The students and I had to wait outdoors a while for their chances to look through the eyepiece of the telescope at Jupiter and its family. I took a few seconds of that time to point out other objects in the sky: Mars, Saturn, of course, Jupiter, and also they could see the Moon was out. Outside of that, there was nothing to do but wait. While we were waiting, I noticed that many of the students were just looking up at the sky. It could have been driven by the love of the universe that I had successfully instilled in them as their astronomy teacher, or it could have been that there was nothing else for them to do out there.
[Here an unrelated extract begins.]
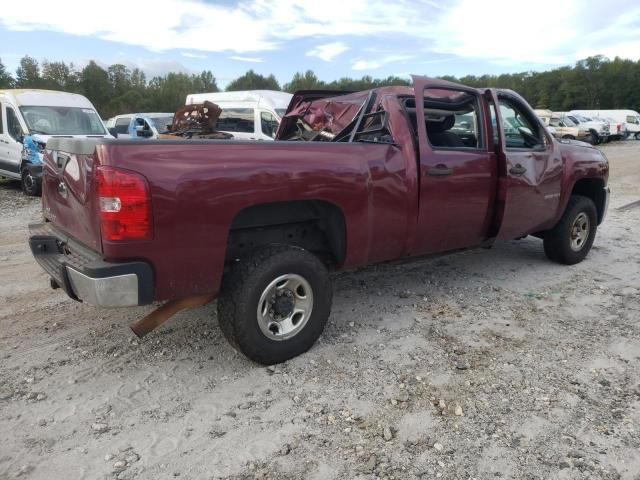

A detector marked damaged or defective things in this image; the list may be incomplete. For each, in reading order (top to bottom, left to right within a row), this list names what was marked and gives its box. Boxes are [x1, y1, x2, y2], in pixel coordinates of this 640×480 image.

damaged red truck [30, 77, 608, 364]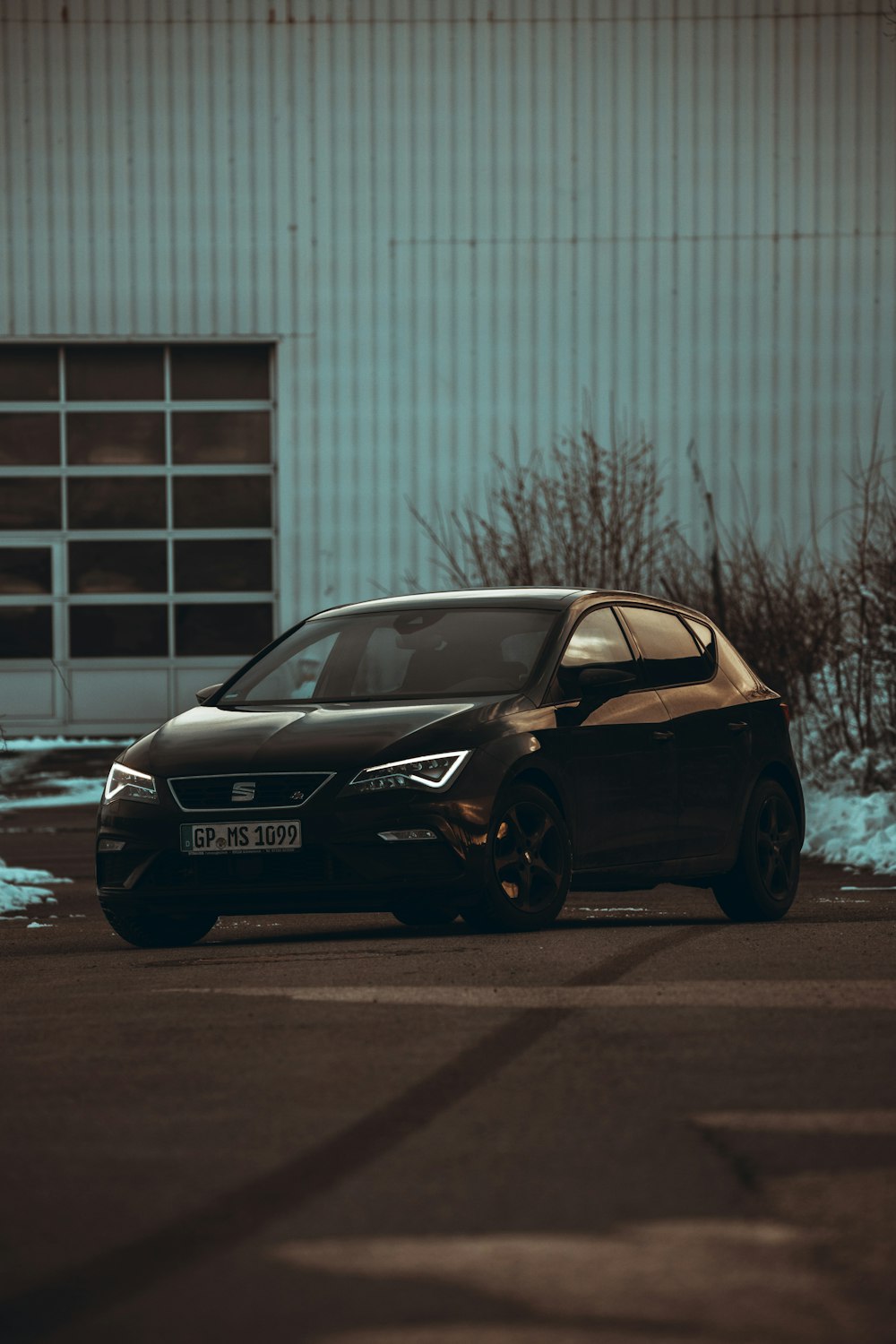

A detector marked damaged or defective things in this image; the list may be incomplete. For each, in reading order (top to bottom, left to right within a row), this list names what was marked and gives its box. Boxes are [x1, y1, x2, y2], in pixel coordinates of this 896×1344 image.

cracked asphalt [1, 774, 896, 1339]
Then two of the students, a young man and a young lady, came up to me to ask a question. The young man spoke with an interesting mix of hesitancy and excitement: "You said that's Mars, and that's Saturn, and there are the Moon and Jupiter. It looks like they're all in a line. Are we seeing the plane of the solar system there?" I just answered "Yes!" Then I held up my arms at a certain angle to suggest the orientation of that plane of the ecliptic, which of course passes through the earth, where we are. The two students had smiles on their faces. Right away another student or two came up to the first two students and me to ask what we were talking about. The information was shared quickly, and there was a wave of skyward-pointing arms moving outward through this class of about thirty students. I could hear students in turn saying "that's the plane of the solar system". This is what a teacher hopes for. All of the students were intrigued upon noticing this. The concept of planets' orbits lying nearly in the same plane is not complicated. I'm sure none of the students had thought I was fibbing when I talked about it in the classroom. Still, making the direct connection between abstract knowledge and personal experience is exciting, and it should be.
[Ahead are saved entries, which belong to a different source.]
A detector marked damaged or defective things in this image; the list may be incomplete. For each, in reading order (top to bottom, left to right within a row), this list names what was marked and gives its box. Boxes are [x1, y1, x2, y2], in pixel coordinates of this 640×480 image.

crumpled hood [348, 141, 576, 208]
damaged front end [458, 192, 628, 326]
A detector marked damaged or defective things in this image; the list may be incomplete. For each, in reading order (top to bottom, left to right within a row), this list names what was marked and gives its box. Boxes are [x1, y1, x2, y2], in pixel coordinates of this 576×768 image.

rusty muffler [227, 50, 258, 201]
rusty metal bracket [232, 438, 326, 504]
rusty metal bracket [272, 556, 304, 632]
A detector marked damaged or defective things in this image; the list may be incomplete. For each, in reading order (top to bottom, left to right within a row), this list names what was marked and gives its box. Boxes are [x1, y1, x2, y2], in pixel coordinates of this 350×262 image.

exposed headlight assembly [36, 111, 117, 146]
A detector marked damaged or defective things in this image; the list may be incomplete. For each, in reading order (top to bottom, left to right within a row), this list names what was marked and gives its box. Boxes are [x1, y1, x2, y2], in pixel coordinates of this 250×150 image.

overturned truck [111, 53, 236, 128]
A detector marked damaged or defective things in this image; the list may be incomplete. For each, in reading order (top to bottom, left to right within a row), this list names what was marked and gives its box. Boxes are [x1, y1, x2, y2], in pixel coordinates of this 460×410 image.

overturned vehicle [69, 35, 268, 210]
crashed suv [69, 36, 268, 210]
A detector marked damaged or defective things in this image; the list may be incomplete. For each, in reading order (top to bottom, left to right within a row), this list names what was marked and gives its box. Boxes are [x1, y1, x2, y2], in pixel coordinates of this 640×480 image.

The famous biologist Rupert Sheldrake has spoken about his conversations with professional astronomers. He was walking with such an astronomer one evening, and asked the astronomer to tell him the name of a star or some other object of interest that they could both see in the night sky. The astronomer couldn't name it, and he shrugged off the notion that he should even be able to do so. Like so many astronomers, his professional work consisted of analyzing data that other people were collecting, perhaps from telescopes or space probes. The astronomer was probably good at that. Sheldrake thought it was odd, and a little unfortunate, for astronomers to not have an emotional connection to the objects of their studies. The astronomer he was chatting with probably knew a lot about nuclear processes in stars, but he didn't know his way around the sky.
I think, though, that many astronomers do have a sense of wonder and amazement about the universe - that sense that my students showed in astronomy class that night. A feature of the astronomy culture that I find uplifting is the joy many of them seem to get when they tackle the problem of naming the new objects that they find in the sky - asteroids, comets, moons, even craters. They would (nearly?) all scoff at astrology or mythology, but I think they still get a kick out of continuing that project started by ancient astronomers -- the project of naming celestial objects after Greek or Roman gods and such. It feels like an art form.